Francesco Maglia makes some of the finest umbrellas in the world. Indeed, it might make most of the fine umbrellas, given how many it makes for other brands as well as for itself.
Yet (as is often the way with luxury menswear) the workshop is pretty anonymous. Located on a side street in the Milanese suburbs, in a basement with a short car ramp leading down to the entrance.
There is no name on the door, merely an umbrella poster. Inside, more posters decorate one wall, showing adverts that umbrella companies have used over the years.

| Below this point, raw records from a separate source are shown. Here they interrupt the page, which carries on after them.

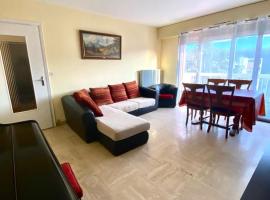 Appartement proche Gare, apartment in Saint-Julien-en-Genevois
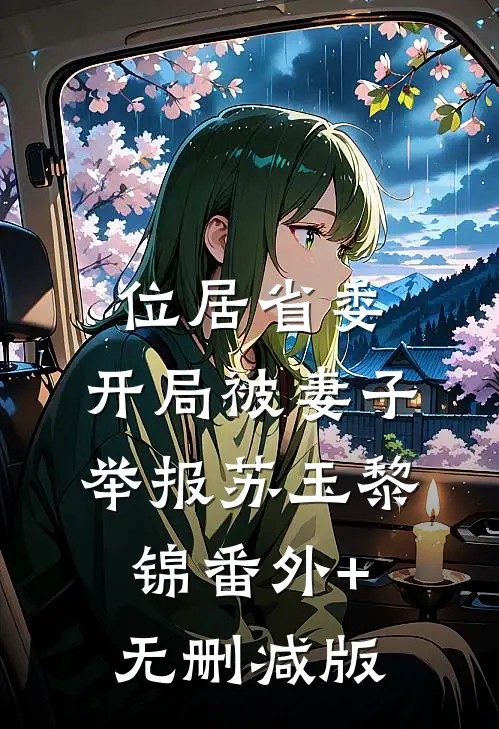 位居省委，开局被妻子举报苏玉黎锦番外+无删减版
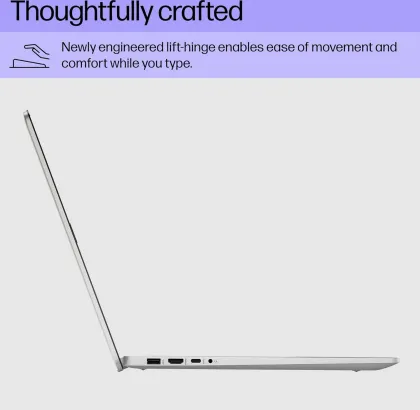 HP 17-cn3399nr Laptop (13th Gen Core i5/ 16GB/ 512GB SSD/ Win 11)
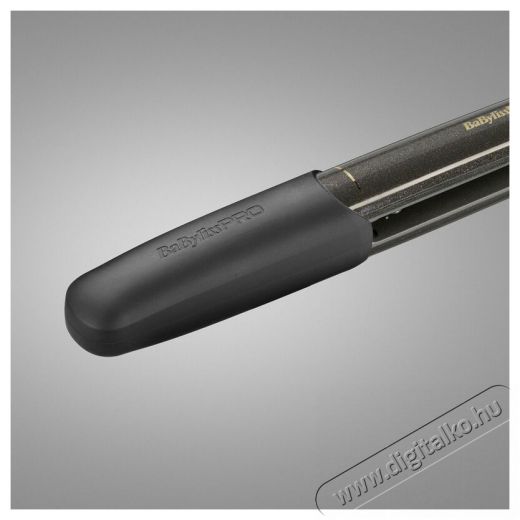 Babyliss PRO BAB3550E STILISTA Grey & Gold Sz&eacute;ps&eacute;g&aacute;pol&aacute;s / Eg&eacute;szs&eacute;g - Haj&aacute;pol&aacute;s - Hajvasal&oacute; / egyenes&iacute;tő - 528508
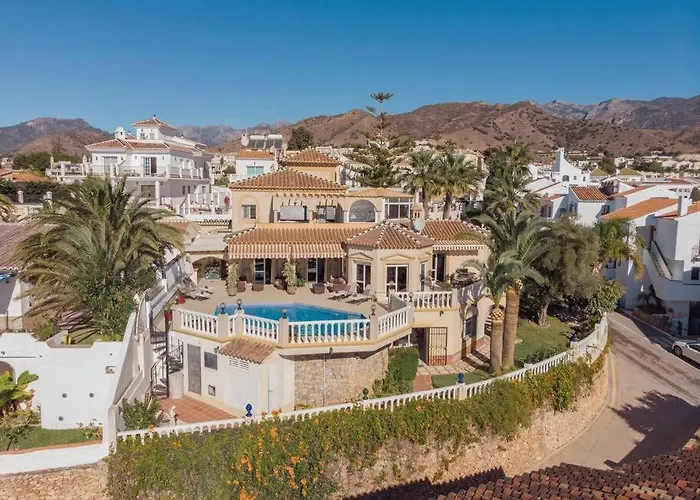 וילה Casa Primavera.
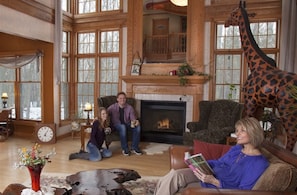 Interior - Hidden Serenity B&B (West Bend)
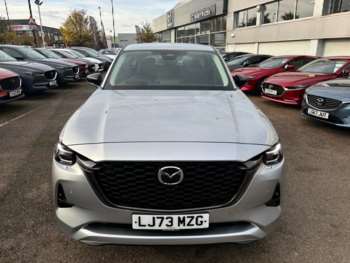 Used Mazda CX-60 2023 for sale - 72669377: Photo
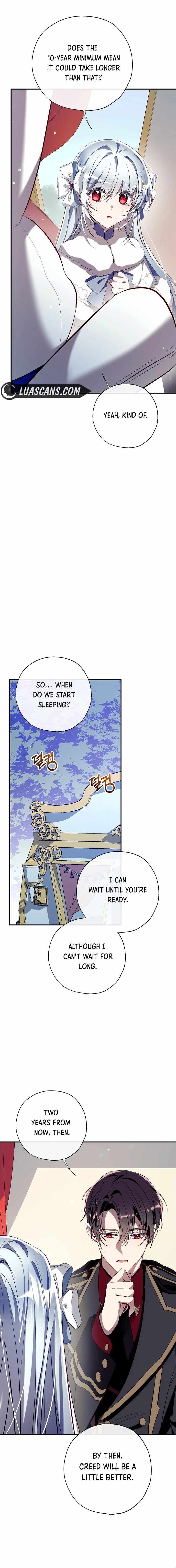 Can We Become a Family? chapter 96 page 1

A good number of them seem to think posing a scantily clad woman with the umbrella is the best way to get attention.
Turn left, and you’re into the workshop proper: a central section with finished umbrellas waiting to be shipped, and three workshops leading off it – one for the mechanical side of production, one for cutting fabric, and one sewing that fabric onto the frame.
There is also a small showroom at the back, and this contains perhaps the most extraordinary object in the place: a huge, red iron safe.
This safe was the only thing that survived when the previous factory was bombed in 1942. Everything else was destroyed, and as a result there are few documents charting the history of the company – which goes back to 1854.
One exception is the document shown below: a letter that was found by a small Genoa stockist a few years ago. It was apparently sent in 1863, and expresses surprise that they ever stopped selling Maglia – a mistake they want to correct immediately.
Maglia was in the same location, too, from 1876 to 2003, in central Milan. It was only the growth of the city, and parking restrictions that made shipping and commuting increasingly difficult, that forced the move to the current location.